§ **Exercise objective**:
Below are records with pictures in them. Transcribe everything from the line containing "Corsair K65 RGB" down to the line containing "LAST ORGY 2 Varsity Jackets", exactly, and leave the pictures behind.

************

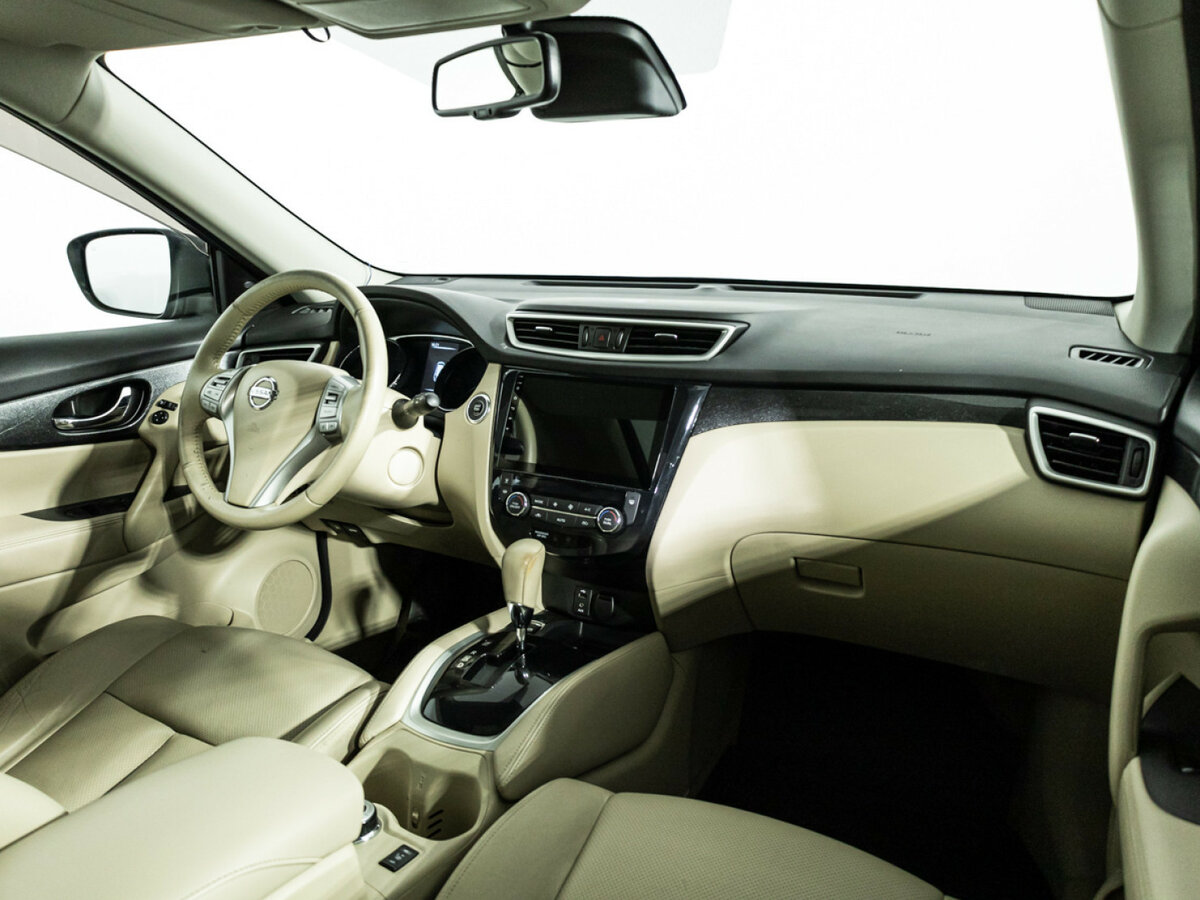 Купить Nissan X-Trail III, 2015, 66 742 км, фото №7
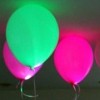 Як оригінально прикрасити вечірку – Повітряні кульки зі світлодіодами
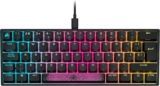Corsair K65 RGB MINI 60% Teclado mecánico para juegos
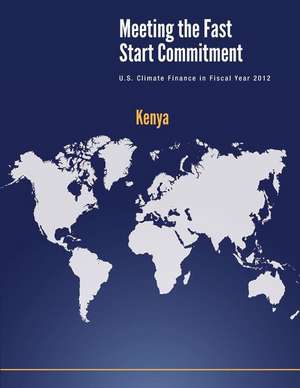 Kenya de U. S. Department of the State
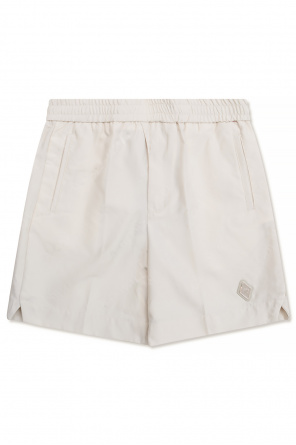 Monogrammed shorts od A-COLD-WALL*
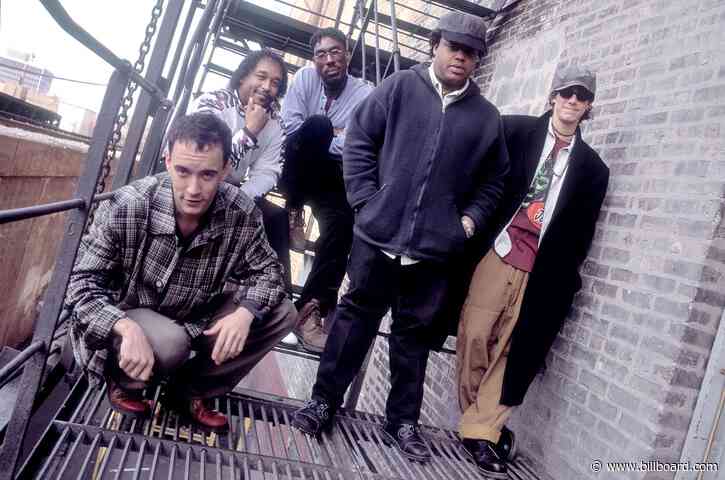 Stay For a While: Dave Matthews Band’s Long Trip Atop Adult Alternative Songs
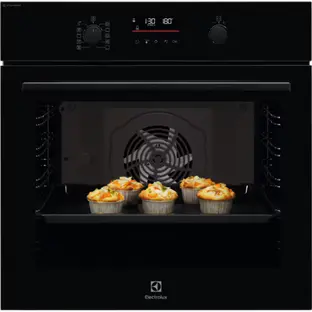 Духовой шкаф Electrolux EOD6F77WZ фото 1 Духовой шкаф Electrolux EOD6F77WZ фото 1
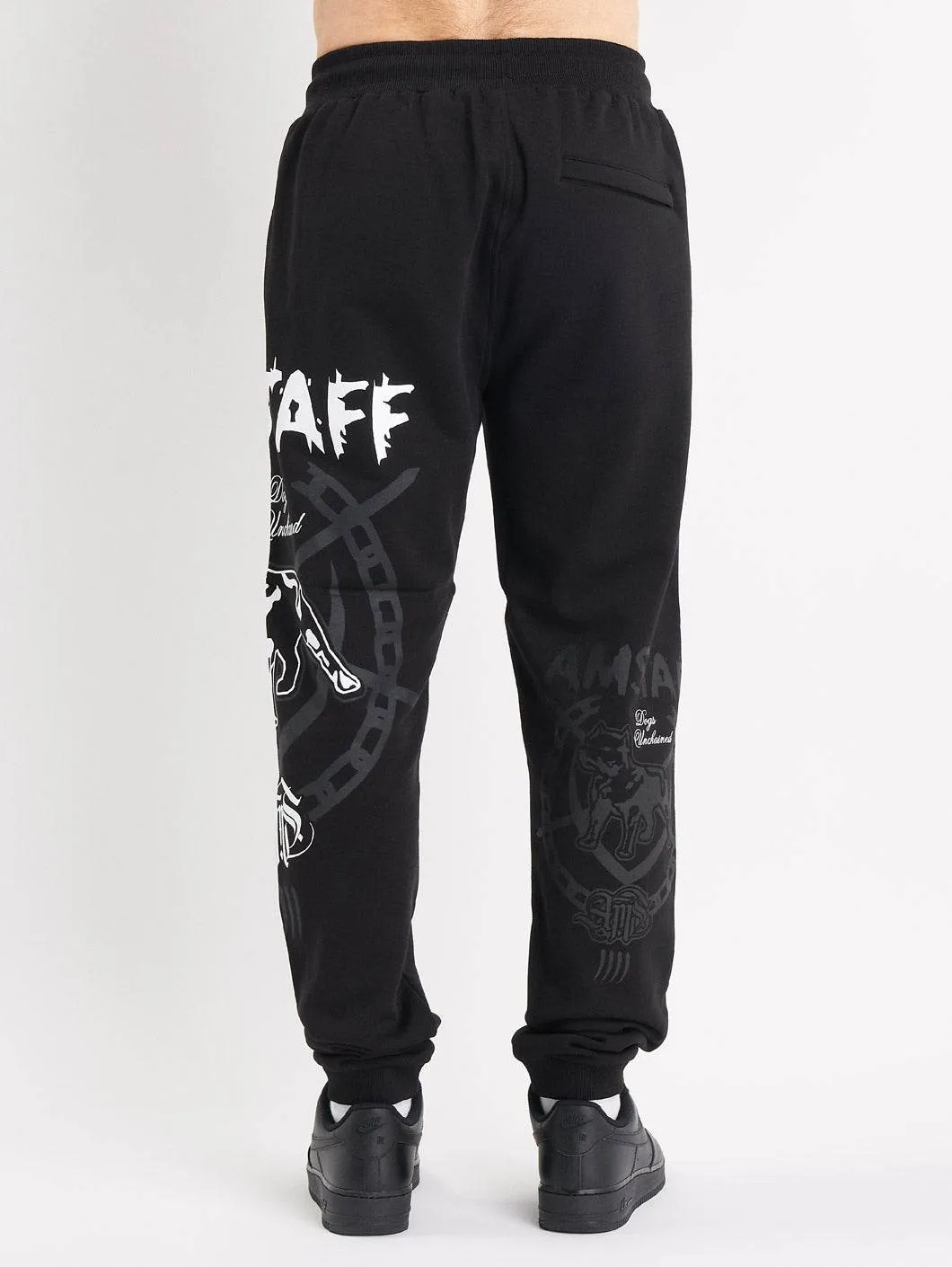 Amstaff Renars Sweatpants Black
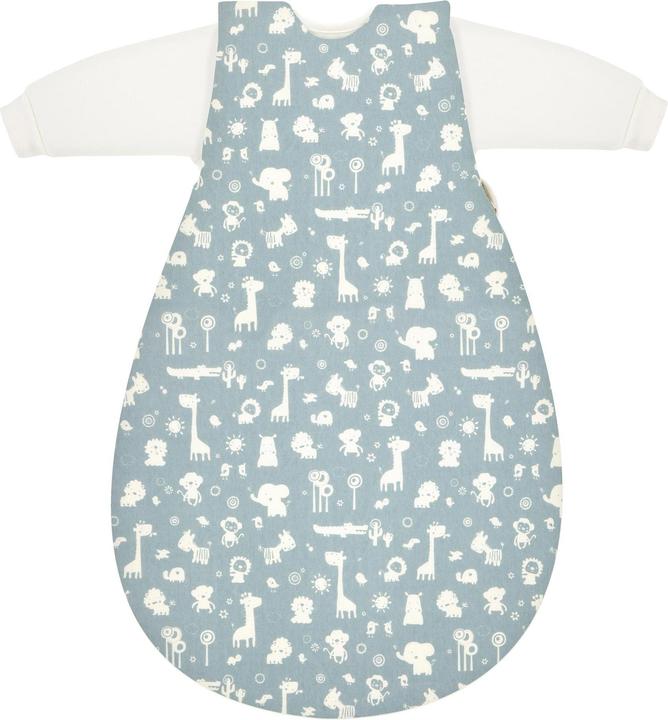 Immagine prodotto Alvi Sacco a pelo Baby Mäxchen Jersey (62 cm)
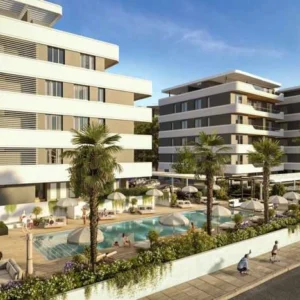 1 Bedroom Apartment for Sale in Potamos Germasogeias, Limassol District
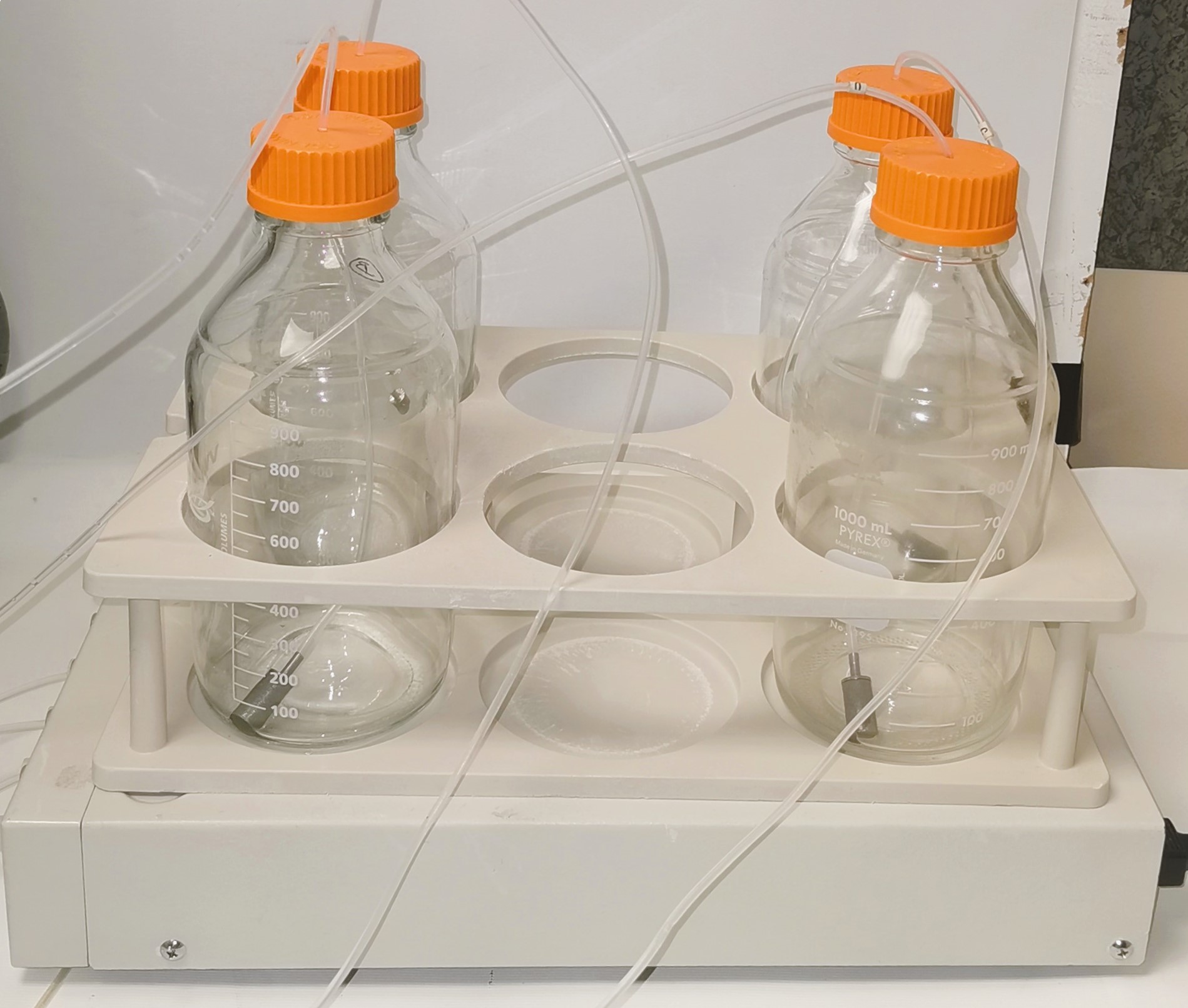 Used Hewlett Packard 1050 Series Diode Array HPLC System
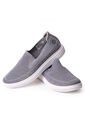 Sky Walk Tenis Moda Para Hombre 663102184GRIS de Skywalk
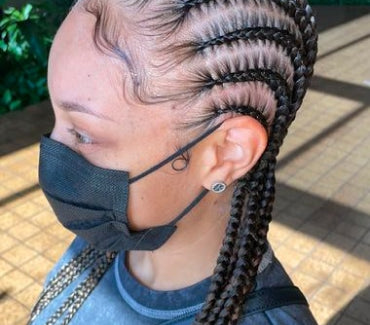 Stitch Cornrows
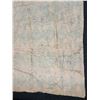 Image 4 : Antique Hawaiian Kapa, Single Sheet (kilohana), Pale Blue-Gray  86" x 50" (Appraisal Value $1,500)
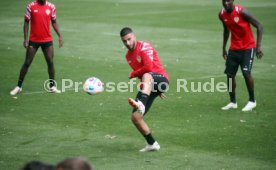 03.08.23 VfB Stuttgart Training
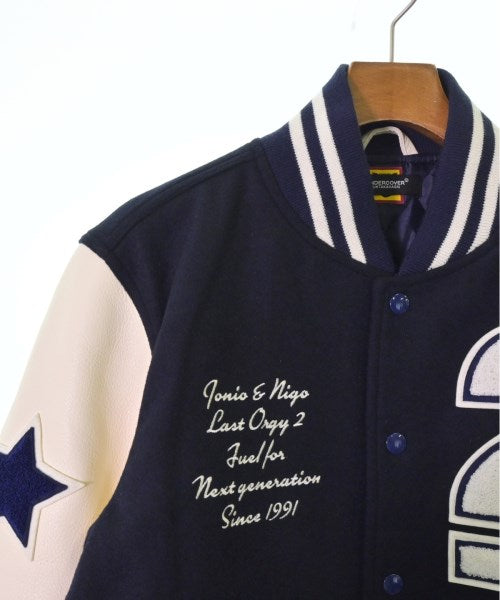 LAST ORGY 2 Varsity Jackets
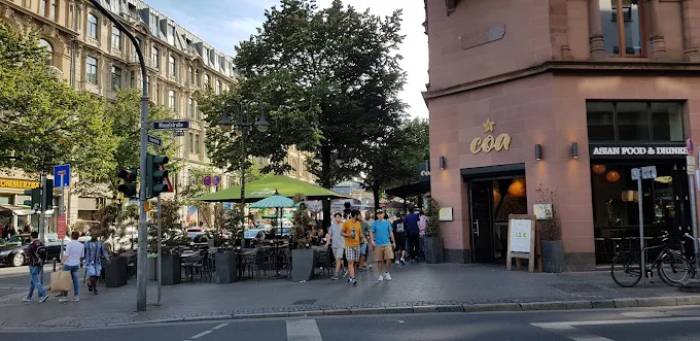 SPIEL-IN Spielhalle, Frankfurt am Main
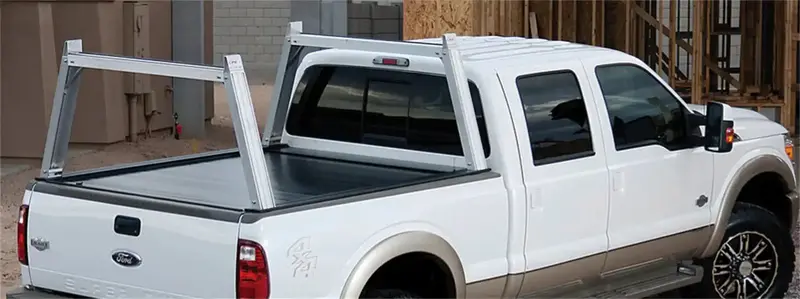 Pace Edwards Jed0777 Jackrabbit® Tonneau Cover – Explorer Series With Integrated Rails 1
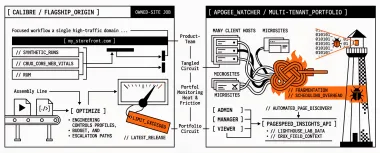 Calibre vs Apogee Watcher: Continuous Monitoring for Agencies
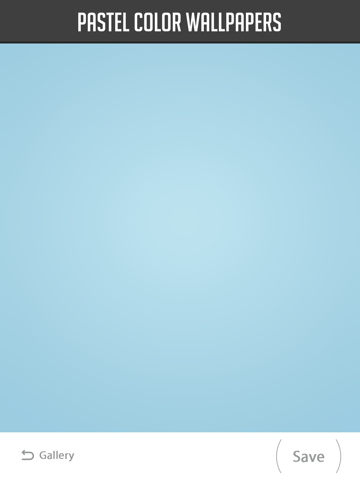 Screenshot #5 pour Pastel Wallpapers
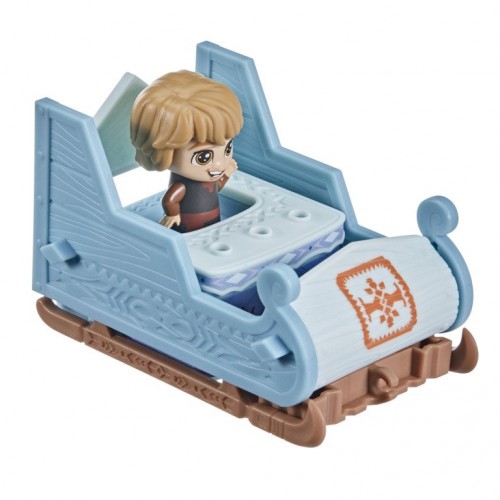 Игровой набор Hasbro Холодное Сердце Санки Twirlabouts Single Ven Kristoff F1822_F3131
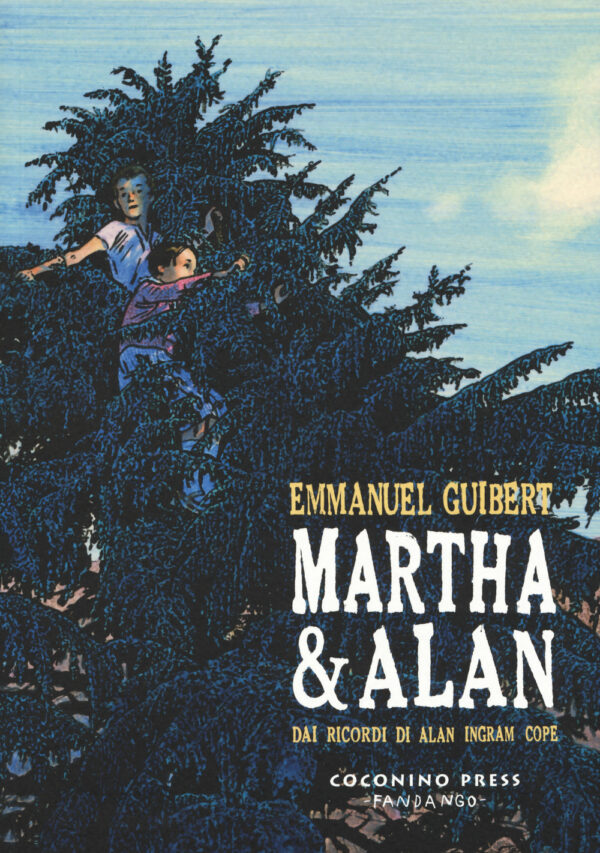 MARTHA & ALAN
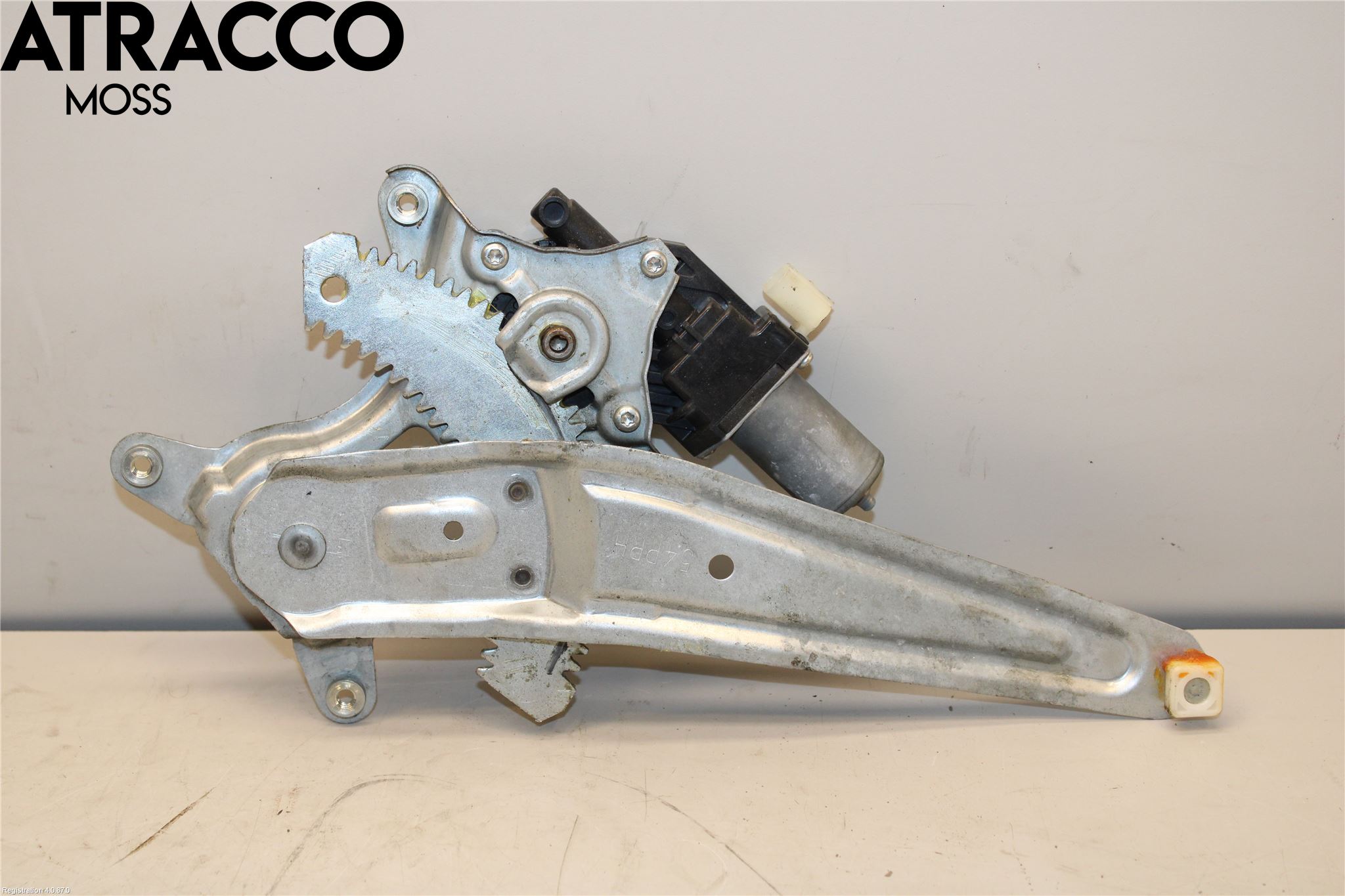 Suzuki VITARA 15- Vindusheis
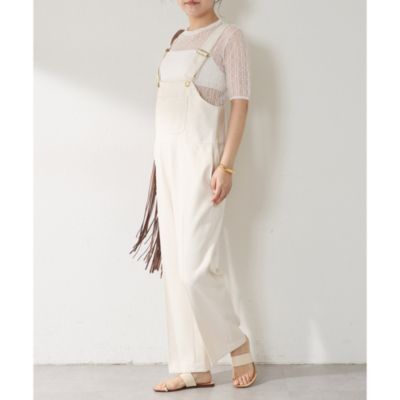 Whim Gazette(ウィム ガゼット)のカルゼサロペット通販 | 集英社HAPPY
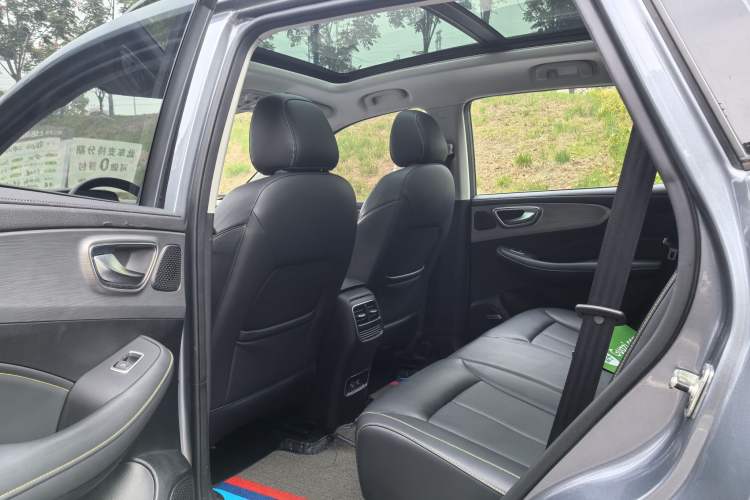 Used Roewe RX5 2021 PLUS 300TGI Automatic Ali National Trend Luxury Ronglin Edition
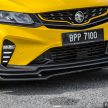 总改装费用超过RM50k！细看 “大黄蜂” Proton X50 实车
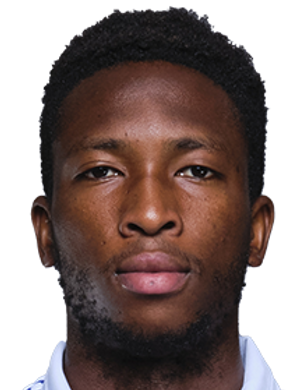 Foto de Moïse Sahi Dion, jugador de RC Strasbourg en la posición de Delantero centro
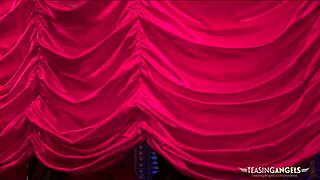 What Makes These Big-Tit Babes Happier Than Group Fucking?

************

§ **Exercise result**:
Corsair K65 RGB MINI 60% Teclado mecánico para juegos
 Kenya de U. S. Department of the State
 Monogrammed shorts od A-COLD-WALL*
 Stay For a While: Dave Matthews Band’s Long Trip Atop Adult Alternative Songs
 Духовой шкаф Electrolux EOD6F77WZ фото 1 Духовой шкаф Electrolux EOD6F77WZ фото 1
 Amstaff Renars Sweatpants Black
 Immagine prodotto Alvi Sacco a pelo Baby Mäxchen Jersey (62 cm)
 1 Bedroom Apartment for Sale in Potamos Germasogeias, Limassol District
 Used Hewlett Packard 1050 Series Diode Array HPLC System
 Sky Walk Tenis Moda Para Hombre 663102184GRIS de Skywalk
 Stitch Cornrows
 Image 4 : Antique Hawaiian Kapa, Single Sheet (kilohana), Pale Blue-Gray  86" x 50" (Appraisal Value $1,500)
 03.08.23 VfB Stuttgart Training
 LAST ORGY 2 Varsity Jackets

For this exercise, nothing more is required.